Format: DVD from Sycamore Public Library on laptop.
When Wes Craven wrote and directed Scream, he made something that worked on multiple levels. It was a completely self-aware horror movie that openly played with the tropes of the genre. At the same time, it was an effective slasher movie in its own right. Scream wouldn’t have been anything like the success it was if it hadn’t been a good slasher itself, and the fact that it literally told the audience the tropes it already knew and had fun with them made it the genre rewrite it was. So what the hell do you do with Scream 2?
Well, what you do is you continue to play with the tropes of the genre, and you also play with the various ideas of sequels. We’re told at one point that the rules of the sequel include a bigger body count and more violent kills all the way through. One of the things that isn’t mentioned but is specifically played with is the fact that at least one survivor from the first film isn’t going to make it to the end of the second film.

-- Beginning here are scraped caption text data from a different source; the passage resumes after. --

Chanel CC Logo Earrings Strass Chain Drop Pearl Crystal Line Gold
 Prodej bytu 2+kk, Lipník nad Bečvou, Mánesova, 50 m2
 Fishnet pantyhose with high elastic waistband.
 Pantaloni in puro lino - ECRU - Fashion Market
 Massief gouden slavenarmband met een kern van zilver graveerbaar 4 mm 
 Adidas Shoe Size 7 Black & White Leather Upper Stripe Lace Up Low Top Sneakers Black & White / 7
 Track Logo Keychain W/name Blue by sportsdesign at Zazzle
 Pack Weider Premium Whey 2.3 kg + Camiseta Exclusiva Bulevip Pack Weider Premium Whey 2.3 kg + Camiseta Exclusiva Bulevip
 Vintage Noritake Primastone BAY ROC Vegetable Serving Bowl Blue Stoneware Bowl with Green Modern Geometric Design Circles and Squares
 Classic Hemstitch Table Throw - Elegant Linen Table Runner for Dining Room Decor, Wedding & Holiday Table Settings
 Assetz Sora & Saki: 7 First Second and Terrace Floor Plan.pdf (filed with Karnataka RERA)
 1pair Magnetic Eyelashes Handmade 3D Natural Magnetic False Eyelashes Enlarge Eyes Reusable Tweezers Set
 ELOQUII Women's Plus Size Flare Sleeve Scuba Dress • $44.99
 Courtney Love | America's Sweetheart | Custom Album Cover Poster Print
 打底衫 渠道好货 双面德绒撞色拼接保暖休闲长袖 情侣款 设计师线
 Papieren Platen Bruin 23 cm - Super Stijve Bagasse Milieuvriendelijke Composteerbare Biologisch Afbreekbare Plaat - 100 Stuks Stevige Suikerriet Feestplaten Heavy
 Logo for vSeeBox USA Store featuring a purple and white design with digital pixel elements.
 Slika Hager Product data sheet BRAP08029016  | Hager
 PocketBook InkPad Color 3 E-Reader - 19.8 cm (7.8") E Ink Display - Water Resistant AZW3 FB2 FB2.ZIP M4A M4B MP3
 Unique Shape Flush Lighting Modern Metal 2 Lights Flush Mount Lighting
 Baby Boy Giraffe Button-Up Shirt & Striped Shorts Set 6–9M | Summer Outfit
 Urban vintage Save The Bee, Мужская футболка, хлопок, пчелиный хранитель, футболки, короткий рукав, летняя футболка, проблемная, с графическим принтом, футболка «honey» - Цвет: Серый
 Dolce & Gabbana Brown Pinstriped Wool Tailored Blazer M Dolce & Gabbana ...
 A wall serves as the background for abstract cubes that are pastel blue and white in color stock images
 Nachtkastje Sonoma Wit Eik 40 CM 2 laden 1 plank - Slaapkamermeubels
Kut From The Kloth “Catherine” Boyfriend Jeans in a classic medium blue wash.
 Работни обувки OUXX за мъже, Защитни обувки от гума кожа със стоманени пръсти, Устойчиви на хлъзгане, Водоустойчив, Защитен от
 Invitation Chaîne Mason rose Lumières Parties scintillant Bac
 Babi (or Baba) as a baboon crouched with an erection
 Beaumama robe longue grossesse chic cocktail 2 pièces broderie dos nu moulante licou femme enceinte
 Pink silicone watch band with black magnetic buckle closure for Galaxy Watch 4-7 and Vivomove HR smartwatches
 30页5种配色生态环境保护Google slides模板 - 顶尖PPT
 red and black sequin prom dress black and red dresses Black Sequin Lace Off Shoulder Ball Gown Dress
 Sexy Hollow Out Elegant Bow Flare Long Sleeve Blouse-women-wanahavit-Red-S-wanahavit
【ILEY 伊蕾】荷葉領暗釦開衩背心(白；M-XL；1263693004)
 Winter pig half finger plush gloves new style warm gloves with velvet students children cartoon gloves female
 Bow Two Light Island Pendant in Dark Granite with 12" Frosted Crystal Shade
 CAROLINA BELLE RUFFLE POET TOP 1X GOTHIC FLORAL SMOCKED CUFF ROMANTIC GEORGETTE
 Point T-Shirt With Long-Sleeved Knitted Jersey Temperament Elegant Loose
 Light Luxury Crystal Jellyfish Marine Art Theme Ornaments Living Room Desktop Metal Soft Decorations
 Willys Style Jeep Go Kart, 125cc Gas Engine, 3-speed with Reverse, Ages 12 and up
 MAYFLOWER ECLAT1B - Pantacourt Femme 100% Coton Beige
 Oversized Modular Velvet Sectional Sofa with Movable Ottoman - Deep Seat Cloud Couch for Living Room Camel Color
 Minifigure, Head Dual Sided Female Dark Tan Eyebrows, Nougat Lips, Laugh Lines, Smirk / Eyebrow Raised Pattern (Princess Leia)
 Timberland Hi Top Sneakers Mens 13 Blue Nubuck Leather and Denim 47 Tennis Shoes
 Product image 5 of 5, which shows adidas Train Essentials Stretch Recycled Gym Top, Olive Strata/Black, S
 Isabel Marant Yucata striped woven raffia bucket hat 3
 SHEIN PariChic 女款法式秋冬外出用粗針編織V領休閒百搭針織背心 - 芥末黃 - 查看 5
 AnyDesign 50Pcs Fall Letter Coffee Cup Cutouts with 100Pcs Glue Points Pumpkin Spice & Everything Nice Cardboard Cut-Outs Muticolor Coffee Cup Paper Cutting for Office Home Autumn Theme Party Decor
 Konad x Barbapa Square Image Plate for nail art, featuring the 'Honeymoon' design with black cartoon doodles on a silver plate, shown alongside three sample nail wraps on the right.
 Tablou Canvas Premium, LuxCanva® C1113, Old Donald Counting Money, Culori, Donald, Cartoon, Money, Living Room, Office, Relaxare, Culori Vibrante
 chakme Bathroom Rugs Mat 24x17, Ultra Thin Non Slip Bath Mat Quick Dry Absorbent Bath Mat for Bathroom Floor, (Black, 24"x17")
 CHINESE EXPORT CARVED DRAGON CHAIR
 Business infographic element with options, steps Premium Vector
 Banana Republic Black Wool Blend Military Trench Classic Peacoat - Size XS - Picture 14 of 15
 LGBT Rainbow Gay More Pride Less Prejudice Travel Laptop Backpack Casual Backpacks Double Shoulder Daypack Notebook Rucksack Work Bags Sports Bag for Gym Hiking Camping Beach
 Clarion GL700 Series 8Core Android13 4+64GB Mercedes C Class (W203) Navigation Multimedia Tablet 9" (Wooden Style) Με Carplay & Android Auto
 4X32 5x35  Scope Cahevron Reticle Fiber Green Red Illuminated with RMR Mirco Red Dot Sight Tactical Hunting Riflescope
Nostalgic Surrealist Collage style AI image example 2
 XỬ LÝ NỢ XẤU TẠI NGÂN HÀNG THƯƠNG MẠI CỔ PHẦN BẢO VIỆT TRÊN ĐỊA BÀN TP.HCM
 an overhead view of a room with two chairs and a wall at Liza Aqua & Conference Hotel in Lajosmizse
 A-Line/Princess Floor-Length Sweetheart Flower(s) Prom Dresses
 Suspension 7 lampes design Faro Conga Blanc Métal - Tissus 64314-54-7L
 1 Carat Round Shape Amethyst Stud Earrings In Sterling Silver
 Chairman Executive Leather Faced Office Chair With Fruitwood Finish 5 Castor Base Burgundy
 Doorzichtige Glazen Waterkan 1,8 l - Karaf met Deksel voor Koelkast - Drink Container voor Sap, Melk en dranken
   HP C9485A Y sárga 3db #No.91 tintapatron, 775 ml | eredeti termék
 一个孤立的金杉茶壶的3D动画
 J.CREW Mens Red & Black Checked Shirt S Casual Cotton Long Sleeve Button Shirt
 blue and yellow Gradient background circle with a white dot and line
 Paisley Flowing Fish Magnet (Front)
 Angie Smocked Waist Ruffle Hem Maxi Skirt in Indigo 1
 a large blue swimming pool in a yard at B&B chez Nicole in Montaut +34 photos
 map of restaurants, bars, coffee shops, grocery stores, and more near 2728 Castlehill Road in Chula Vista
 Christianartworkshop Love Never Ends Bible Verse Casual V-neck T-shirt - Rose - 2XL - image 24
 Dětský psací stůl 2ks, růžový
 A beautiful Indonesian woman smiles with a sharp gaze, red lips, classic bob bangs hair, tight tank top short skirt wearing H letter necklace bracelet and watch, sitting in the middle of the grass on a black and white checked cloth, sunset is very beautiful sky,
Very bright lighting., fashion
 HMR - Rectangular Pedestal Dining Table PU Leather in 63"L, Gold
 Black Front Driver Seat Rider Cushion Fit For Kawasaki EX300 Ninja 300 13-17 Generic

So let’s play with some tropes here. One of the genius moves of Scream was that it gave us Drew Barrymore in the opening sequence. Everyone in the audience assumes that Drew is going to be the star of the film (she’s on the poster, after all), and she doesn’t make it 15 minutes into the film. We’ll get the same thing here when we’re introduced to a couple consisting of Omar Epps and Jada Pinkett Smith. They’re attending a free premier of “Stab,” a movie inside the movie based on the first film. Neither one of them manages to make it through the movie (giving us the horror movie staple that the black characters are the first ones to die).
And, well, what follows is going to be a lot like Scream with the same self-aware dialogue and the same basic premise. Sidney Prescott (Neve Campbell) is now a college student and is sealing with her unwanted fame/notoriety with the help of her roommate Hallie (Elise Neal). Attending with her is first movie survivor Randy Meeks (Jamie Kennedy). When news of the murders at the premiere comes out, reporter Gale Weathers (Courteney Cox) shows up, in part to follow the story and in part to promote her book on which the in-film movie was made. Also showing up is former cop Dewey Riley (David Arquette). It’s old home week for much of the original cast.
There are some changes, of course. Since Gale Weathers’s cameraman was diced in the first film, he’s replaced by Joel (Duane Martin). We’ve also got a few new students/potential victims/potential killers in Mickey (Timothy Olyphant) and Cici (Sarah Michelle Gellar). Also making appearances are the man Sidney had put in prison in the first film, Cotton Weary (Liev Schreiber). Gale has her own fangirl, local reporter Debbie Salt (Laurie Metcalf) to round out the cast. There are cameos by actors-of-the-moment Rebecca Gayheart and Joshua Jackson, as well as a nice short appearance from frequent film baddie David Warner. Other cameos include Tori Spelling as herself and both Luke Wilson and Heather Graham in the in-film Stab movie.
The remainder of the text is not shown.